To validate that optimization maintains effectiveness:

1. Run baseline (no optimization):
   ```bash
   mix muex --files "lib/my_module.ex"
   ```

2. Run with optimization:
   ```bash
   mix muex --files "lib/my_module.ex" --optimize
   ```

3. Compare:
   - Mutation score should be within 2-5%
   - Runtime should be 40-70% faster
   - Survived mutations should be similar (not duplicates)

If mutation score drops significantly (>5%), the test suite may be weak in complex code areas. This is valuable information!

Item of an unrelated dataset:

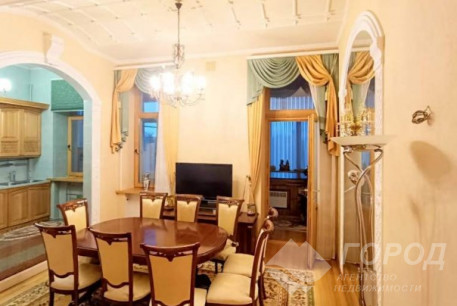 Продам 4-х кімнатну квартиру, Центр, Код: 425181/30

## Technical Implementation

The optimizer uses several Elixir AST analysis techniques:

1. **Pattern Matching**: Detect equivalent patterns
2. **AST Traversal**: Count decision points for complexity
3. **Metadata Analysis**: Use line numbers, mutator types for grouping
4. **Statistical Sampling**: Cluster and sample diverse representatives

Key implementation details:
- Handles both 3-tuple AST nodes and other node types
- Defensive coding for unknown AST patterns
- Preserves original mutation metadata (file, line, description)
- Maintains reproducibility (same input → same output)

## Future Enhancements

Potential improvements for future versions:

1. **Test Coverage Integration**: Prefer mutations in code covered by tests
2. **Historical Analysis**: Learn from past mutation results
3. **Domain-Specific Rules**: Custom heuristics per project type
4. **Machine Learning**: Train models to predict mutation value
5. **Incremental Testing**: Only test mutations in changed code
6. **Parallel Clustering**: Optimize clustering for very large codebases

## Conclusion

The mutation optimization heuristics significantly reduce testing time while maintaining the ability to detect test weaknesses. By focusing on high-impact, non-redundant mutations, developers get faster feedback without sacrificing quality.

The key insight: **Not all mutations are equally valuable**. Smart filtering preserves diagnostic power while eliminating redundancy.

---

For implementation details, see `lib/muex/mutant_optimizer.ex`.